Кроме того, можно заметить, что само слово «благодать» в древнерусском языке не обладало точным богословским смыслом, а употреблялось, скорее, в смысле общих даров Божиих. Мы уже видели, что величайший из русских писателей Иларион употреблял это слово не в том смысле, который придавал ему апостол Павел, а в том, в котором его употреблял апостол Иоанн. Что касается благодати как помощи или содействия Бога, то полагалось, что она доступна каждому, так как Божественное «домостроительство» спасения охватывает все человечество. Как это будет видно далее, мысль об особом призвании и особых дарах получила развитие на Руси скорее в связи с национальной, а не личной жизнью.

Эта система христианской этики, адресованная мирянам, изложенная в греко–славянских трактатах, допускает различные уровни глубины и не одинаковую степень строгости. Иногда нравственные наставления носят парадоксальный характер, в соответствии с евангельским или аскетическим источником. В «Стословце» чувствуется влияние монашества. Острая форма придает «духовную соль» даже общеизвестным христианским заповедям. Однако та же парадоксальность формы затрудняет практическое применение, особенно среди новообращенного языческого народа. Поэтому в русских сборниках предпочтение отдавалось простым, четким и ясным формулам, а не остроумным или более углубленным. Обилие общих мест рассматривалось как достоинство. Древняя Русь находила удовольствие в общих местах, в литературе кратких изречений и пословиц, казавшихся ей премудростью не только не скучной, но совершенно новой и вдохновляющей.

Необходимо сделать интересное наблюдение. Этика страха и любви, очищенная от парадоксальных христианских трактовок, легко сводится к ветхозаветному пониманию — но не к профетической религии Израиля, а к так называемой «литературе премудрости», включающей в себя «Притчи Соломоновы», «Экклезиаст», «Книгу Премудрости Соломона», «Книгу Премудрости Иисуса, сына Сирахова». Последние две книги, так называемые второканонические, принадлежат более позднему, эллинистическому иудаизму и не включаются в древнееврейский канон. Но Греческая Церковь, так же, как и Римская, не делала никакого различия между каноническими и второканоническими книгами Ветхого Завета. Поэтому во многих славянских этических трактатах присутствует ветхозаветный или «Сирахов» дух. Из всех библейских книг (включая и Новый Завет) наиболее популярной и наиболее часто цитируемой после Псалтыри была «Книга Премудрости Иисуса, сына Сирахова». При просмотре некоторых древних русских сборников, вроде «Изборника Святослава» 1076 г., остается впечатление, что в них царит ветхозаветный дух. Христианское влияние проявляется, главным образом, в большем акценте на таких добродетелях, как смирение и любовь. Но как только писатель, учитель или проповедник пытается выразить свое учение в краткой или упрощенной форме, он сводит все к древнееврейской формуле: страх Божий и любовь к ближнему. Цитаты из «Книги Премудрости» служат подтверждением этой «премудрости».
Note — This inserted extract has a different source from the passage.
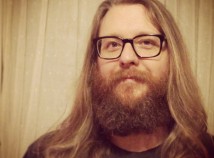 Faculty member Chris Faulker with a full beard, long hair, and glasses looks into the camera in sepia lighting.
Эта приверженность к общим морализаторским местам, столь сильная в древнерусском обществе, в дальнейшем нашла духовную пищу в византийской антологии нравственных наставлений, известной под названием «Пчела» (Μέλισσα). Здесь библейские изречения (которые, в основном, преобладают) соседствуют с высказываниями святых отцов и, в заключение, с цитатами из Филона, Платона, Аристотеля и некоторых греческих поэтов. Последние были главным источником, по которому в Древней Руси знакомились с классической культурой. Для того, чтобы придать видимость единства этого разнородного материала, естественно, необходимо было свести его к некоторому общему среднему уровню. И этим уровнем был практический религиозный здравый смысл, наилучшим образом воплощенный в литературе «премудрости».